Living and Learning

Share Button

I remember walking down Locust Walk when I came back to Penn in 1996 to become editor of the Gazette and wondering what it was that felt different about it. Finally, I realized that the trees lining the block between 36th and 37th streets had had more than a decade to grow since I had last been there. They were taller, thicker-trunked, and they gave a lot more shade than the relative saplings of my (unconscious) memory. Which is to say that Penn’s campus is always changing, in a multitude of small ways that go largely unremarked.
    And then there are times like the present, when the sights and sounds of change on campus are impossible to ignore. We devote a good portion of this issue to a look at those changes, from a couple of different perspectives.
    First, Penn is in the midst of its biggest building program in 30 years. We’ve reported on some of these projects individually, but a kind of critical mass has been reached lately. The University appears to be at one of those moments that redefine the shape of the campus and the experience of living, working and learning here. On the cover, we offer a fanciful rendition of what the campus may look like in a few years; so much is going on that we had to make it twice as big as usual. Then, starting on page 22, there is a rundown of projects under way or announced—“Work in Progress”—illustrated with some striking construction photos by Greg Benson.
    One of the most significant efforts is a $300 million, 10-year program designed to upgrade and expand Penn’s undergraduate housing and dining facilities to better support the college-house system instituted in all University residences last year. In “The Dorm Transformed” (page 32), assistant editor Susan Lonkevich reports on the system’s first year, its roots in Penn’s past and how it compares to living/learning initiatives at other schools across the country.
    One major distinction of Penn’s system, according to Dr. David Brownlee, professor of art history and director of the Office of College Houses and Academic Services, is that these communities are helping to “design themselves”—both in terms of the programming they will offer and the physical space they will inhabit. Students who live in the affected college houses serve on committees overseeing renovations to the Quadrangle dormitories and the renovations and new construction planned for Hamilton Village (the former Superblock).

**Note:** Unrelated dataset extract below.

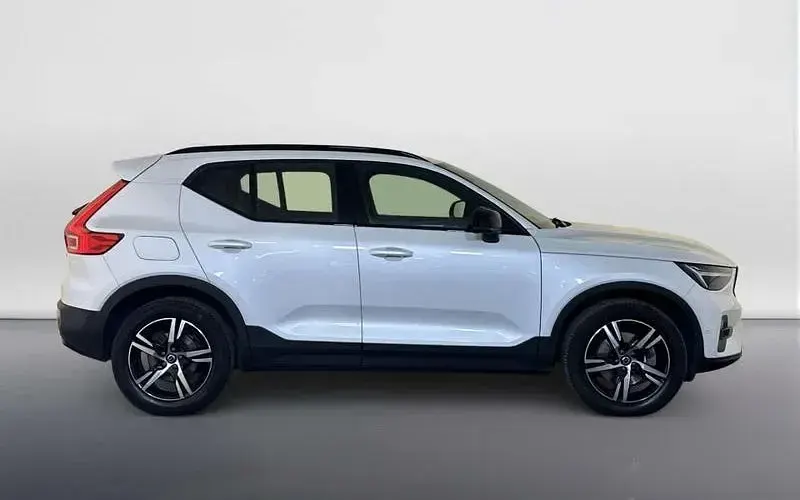 Used Volvo XC40 Plus 163 HP (119 kW) 2023 White SUV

    Brownlee is also one of a pair of experts on Penn’s architecture—the other is Dr. George Thomas Gr’75, lecturer in historic preservation—interviewed by senior editor Samuel Hughes in “Treasures & Travesties” on page 38. The two men, who are co-authors of a book on the subject due out next year from the University of Pennsylvania Press, range over the high- and low-lights of a century’s worth of campus buildings put up (and torn down) since the University moved across the Schuylkill River into West Philadelphia.
    How the students who learn or live (or learn and live) in the new campus buildings will remember them will depend only partly on their aesthetic quality, of course. For example, I can’t dispute the critical drubbing Superblock receives, here and elsewhere, and can only applaud any effort to make it more inviting and livable in its latest incarnation as Hamilton Village. On the other hand, I also can’t walk from 38th to 40th Street without recalling that, while living in High-Rise East (as we called it) my freshman and sophomore years, I got to write and direct a couple of plays as a member of Arts House, one of the early “residential programs”; that I made my closest college friends while living in Van Pelt my junior year; and that, the winter of my senior year, I asked my wife out for the first time when we happened to run into each other—for the second time in exactly the same spot—outside High-Rise South. Whatever they do over there, I hope they leave that spot alone.